[Opening INFORMATION GIVEN section]

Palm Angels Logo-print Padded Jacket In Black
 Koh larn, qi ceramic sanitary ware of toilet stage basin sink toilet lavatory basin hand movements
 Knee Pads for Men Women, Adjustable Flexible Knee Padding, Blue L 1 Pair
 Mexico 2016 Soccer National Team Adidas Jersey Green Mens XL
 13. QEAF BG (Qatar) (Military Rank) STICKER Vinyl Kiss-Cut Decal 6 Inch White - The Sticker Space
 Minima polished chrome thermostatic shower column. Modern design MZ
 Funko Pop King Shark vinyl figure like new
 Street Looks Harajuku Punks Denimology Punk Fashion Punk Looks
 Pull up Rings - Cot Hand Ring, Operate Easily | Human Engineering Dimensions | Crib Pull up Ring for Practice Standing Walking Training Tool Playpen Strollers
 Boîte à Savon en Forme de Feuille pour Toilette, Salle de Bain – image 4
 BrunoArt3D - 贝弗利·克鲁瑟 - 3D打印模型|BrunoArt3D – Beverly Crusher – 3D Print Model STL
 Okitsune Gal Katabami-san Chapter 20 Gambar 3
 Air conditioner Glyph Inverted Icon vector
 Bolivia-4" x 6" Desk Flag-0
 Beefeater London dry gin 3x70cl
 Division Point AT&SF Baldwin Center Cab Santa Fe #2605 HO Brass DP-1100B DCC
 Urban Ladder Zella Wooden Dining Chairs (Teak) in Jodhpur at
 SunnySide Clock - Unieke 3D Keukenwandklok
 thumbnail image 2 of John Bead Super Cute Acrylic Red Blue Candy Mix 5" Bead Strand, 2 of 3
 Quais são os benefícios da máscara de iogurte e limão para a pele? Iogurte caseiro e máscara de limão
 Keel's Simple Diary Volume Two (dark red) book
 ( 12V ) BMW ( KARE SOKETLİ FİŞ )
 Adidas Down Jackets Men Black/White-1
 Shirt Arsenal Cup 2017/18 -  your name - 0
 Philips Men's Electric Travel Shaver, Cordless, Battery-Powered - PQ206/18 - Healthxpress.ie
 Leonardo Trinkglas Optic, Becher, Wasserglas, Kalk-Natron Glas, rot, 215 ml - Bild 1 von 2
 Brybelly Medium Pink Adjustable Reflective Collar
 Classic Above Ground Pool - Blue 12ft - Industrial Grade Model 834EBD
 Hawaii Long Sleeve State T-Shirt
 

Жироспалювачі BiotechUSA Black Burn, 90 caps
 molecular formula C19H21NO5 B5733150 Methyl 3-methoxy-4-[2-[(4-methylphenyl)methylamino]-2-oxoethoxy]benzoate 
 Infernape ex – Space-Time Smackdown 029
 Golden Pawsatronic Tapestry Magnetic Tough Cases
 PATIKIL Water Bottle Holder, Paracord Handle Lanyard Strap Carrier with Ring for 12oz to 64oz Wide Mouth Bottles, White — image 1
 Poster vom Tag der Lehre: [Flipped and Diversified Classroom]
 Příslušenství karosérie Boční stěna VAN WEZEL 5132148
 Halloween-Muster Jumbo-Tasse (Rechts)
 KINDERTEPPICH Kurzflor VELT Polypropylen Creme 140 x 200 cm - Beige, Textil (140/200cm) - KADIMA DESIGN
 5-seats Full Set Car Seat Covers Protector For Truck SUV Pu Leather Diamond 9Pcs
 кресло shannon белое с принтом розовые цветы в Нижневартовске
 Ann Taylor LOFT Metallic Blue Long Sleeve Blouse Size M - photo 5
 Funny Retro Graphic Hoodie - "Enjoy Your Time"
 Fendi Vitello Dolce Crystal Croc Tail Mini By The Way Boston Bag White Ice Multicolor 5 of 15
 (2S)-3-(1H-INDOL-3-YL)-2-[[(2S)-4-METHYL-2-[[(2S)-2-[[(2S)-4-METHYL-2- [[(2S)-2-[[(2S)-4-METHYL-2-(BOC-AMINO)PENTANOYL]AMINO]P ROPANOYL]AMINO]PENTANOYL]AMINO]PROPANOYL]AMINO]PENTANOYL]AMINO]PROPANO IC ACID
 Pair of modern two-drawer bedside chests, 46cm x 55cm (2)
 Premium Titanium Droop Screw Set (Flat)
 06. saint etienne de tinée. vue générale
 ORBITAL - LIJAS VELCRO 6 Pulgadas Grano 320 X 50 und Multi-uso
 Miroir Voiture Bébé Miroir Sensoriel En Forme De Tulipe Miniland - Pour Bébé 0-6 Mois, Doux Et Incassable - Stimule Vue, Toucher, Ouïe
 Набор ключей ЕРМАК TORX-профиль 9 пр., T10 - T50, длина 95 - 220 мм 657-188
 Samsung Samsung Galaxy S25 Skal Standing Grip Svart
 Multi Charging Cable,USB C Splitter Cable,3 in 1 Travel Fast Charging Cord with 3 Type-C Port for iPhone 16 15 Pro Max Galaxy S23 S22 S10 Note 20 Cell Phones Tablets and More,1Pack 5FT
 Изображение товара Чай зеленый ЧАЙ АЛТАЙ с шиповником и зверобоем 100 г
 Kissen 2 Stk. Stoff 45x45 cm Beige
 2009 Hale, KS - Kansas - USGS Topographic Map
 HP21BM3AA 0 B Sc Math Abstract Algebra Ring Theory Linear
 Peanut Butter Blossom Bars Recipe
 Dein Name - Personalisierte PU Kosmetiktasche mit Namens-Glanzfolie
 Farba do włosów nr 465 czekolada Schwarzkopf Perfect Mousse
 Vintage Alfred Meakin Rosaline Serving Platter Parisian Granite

[Closing INFORMATION GIVEN section]

EXERCISE GOAL: May I have all of the records repeated exactly?

RESPONSE:
Palm Angels Logo-print Padded Jacket In Black
 Koh larn, qi ceramic sanitary ware of toilet stage basin sink toilet lavatory basin hand movements
 Knee Pads for Men Women, Adjustable Flexible Knee Padding, Blue L 1 Pair
 Mexico 2016 Soccer National Team Adidas Jersey Green Mens XL
 13. QEAF BG (Qatar) (Military Rank) STICKER Vinyl Kiss-Cut Decal 6 Inch White - The Sticker Space
 Minima polished chrome thermostatic shower column. Modern design MZ
 Funko Pop King Shark vinyl figure like new
 Street Looks Harajuku Punks Denimology Punk Fashion Punk Looks
 Pull up Rings - Cot Hand Ring, Operate Easily | Human Engineering Dimensions | Crib Pull up Ring for Practice Standing Walking Training Tool Playpen Strollers
 Boîte à Savon en Forme de Feuille pour Toilette, Salle de Bain – image 4
 BrunoArt3D - 贝弗利·克鲁瑟 - 3D打印模型|BrunoArt3D – Beverly Crusher – 3D Print Model STL
 Okitsune Gal Katabami-san Chapter 20 Gambar 3
 Air conditioner Glyph Inverted Icon vector
 Bolivia-4" x 6" Desk Flag-0
 Beefeater London dry gin 3x70cl
 Division Point AT&SF Baldwin Center Cab Santa Fe #2605 HO Brass DP-1100B DCC
 Urban Ladder Zella Wooden Dining Chairs (Teak) in Jodhpur at
 SunnySide Clock - Unieke 3D Keukenwandklok
 thumbnail image 2 of John Bead Super Cute Acrylic Red Blue Candy Mix 5" Bead Strand, 2 of 3
 Quais são os benefícios da máscara de iogurte e limão para a pele? Iogurte caseiro e máscara de limão
 Keel's Simple Diary Volume Two (dark red) book
 ( 12V ) BMW ( KARE SOKETLİ FİŞ )
 Adidas Down Jackets Men Black/White-1
 Shirt Arsenal Cup 2017/18 -  your name - 0
 Philips Men's Electric Travel Shaver, Cordless, Battery-Powered - PQ206/18 - Healthxpress.ie
 Leonardo Trinkglas Optic, Becher, Wasserglas, Kalk-Natron Glas, rot, 215 ml - Bild 1 von 2
 Brybelly Medium Pink Adjustable Reflective Collar
 Classic Above Ground Pool - Blue 12ft - Industrial Grade Model 834EBD
 Hawaii Long Sleeve State T-Shirt
 

Жироспалювачі BiotechUSA Black Burn, 90 caps
 molecular formula C19H21NO5 B5733150 Methyl 3-methoxy-4-[2-[(4-methylphenyl)methylamino]-2-oxoethoxy]benzoate 
 Infernape ex – Space-Time Smackdown 029
 Golden Pawsatronic Tapestry Magnetic Tough Cases
 PATIKIL Water Bottle Holder, Paracord Handle Lanyard Strap Carrier with Ring for 12oz to 64oz Wide Mouth Bottles, White — image 1
 Poster vom Tag der Lehre: [Flipped and Diversified Classroom]
 Příslušenství karosérie Boční stěna VAN WEZEL 5132148
 Halloween-Muster Jumbo-Tasse (Rechts)
 KINDERTEPPICH Kurzflor VELT Polypropylen Creme 140 x 200 cm - Beige, Textil (140/200cm) - KADIMA DESIGN
 5-seats Full Set Car Seat Covers Protector For Truck SUV Pu Leather Diamond 9Pcs
 кресло shannon белое с принтом розовые цветы в Нижневартовске
 Ann Taylor LOFT Metallic Blue Long Sleeve Blouse Size M - photo 5
 Funny Retro Graphic Hoodie - "Enjoy Your Time"
 Fendi Vitello Dolce Crystal Croc Tail Mini By The Way Boston Bag White Ice Multicolor 5 of 15
 (2S)-3-(1H-INDOL-3-YL)-2-[[(2S)-4-METHYL-2-[[(2S)-2-[[(2S)-4-METHYL-2- [[(2S)-2-[[(2S)-4-METHYL-2-(BOC-AMINO)PENTANOYL]AMINO]P ROPANOYL]AMINO]PENTANOYL]AMINO]PROPANOYL]AMINO]PENTANOYL]AMINO]PROPANO IC ACID
 Pair of modern two-drawer bedside chests, 46cm x 55cm (2)
 Premium Titanium Droop Screw Set (Flat)
 06. saint etienne de tinée. vue générale
 ORBITAL - LIJAS VELCRO 6 Pulgadas Grano 320 X 50 und Multi-uso
 Miroir Voiture Bébé Miroir Sensoriel En Forme De Tulipe Miniland - Pour Bébé 0-6 Mois, Doux Et Incassable - Stimule Vue, Toucher, Ouïe
 Набор ключей ЕРМАК TORX-профиль 9 пр., T10 - T50, длина 95 - 220 мм 657-188
 Samsung Samsung Galaxy S25 Skal Standing Grip Svart
 Multi Charging Cable,USB C Splitter Cable,3 in 1 Travel Fast Charging Cord with 3 Type-C Port for iPhone 16 15 Pro Max Galaxy S23 S22 S10 Note 20 Cell Phones Tablets and More,1Pack 5FT
 Изображение товара Чай зеленый ЧАЙ АЛТАЙ с шиповником и зверобоем 100 г
 Kissen 2 Stk. Stoff 45x45 cm Beige
 2009 Hale, KS - Kansas - USGS Topographic Map
 HP21BM3AA 0 B Sc Math Abstract Algebra Ring Theory Linear
 Peanut Butter Blossom Bars Recipe
 Dein Name - Personalisierte PU Kosmetiktasche mit Namens-Glanzfolie
 Farba do włosów nr 465 czekolada Schwarzkopf Perfect Mousse
 Vintage Alfred Meakin Rosaline Serving Platter Parisian Granite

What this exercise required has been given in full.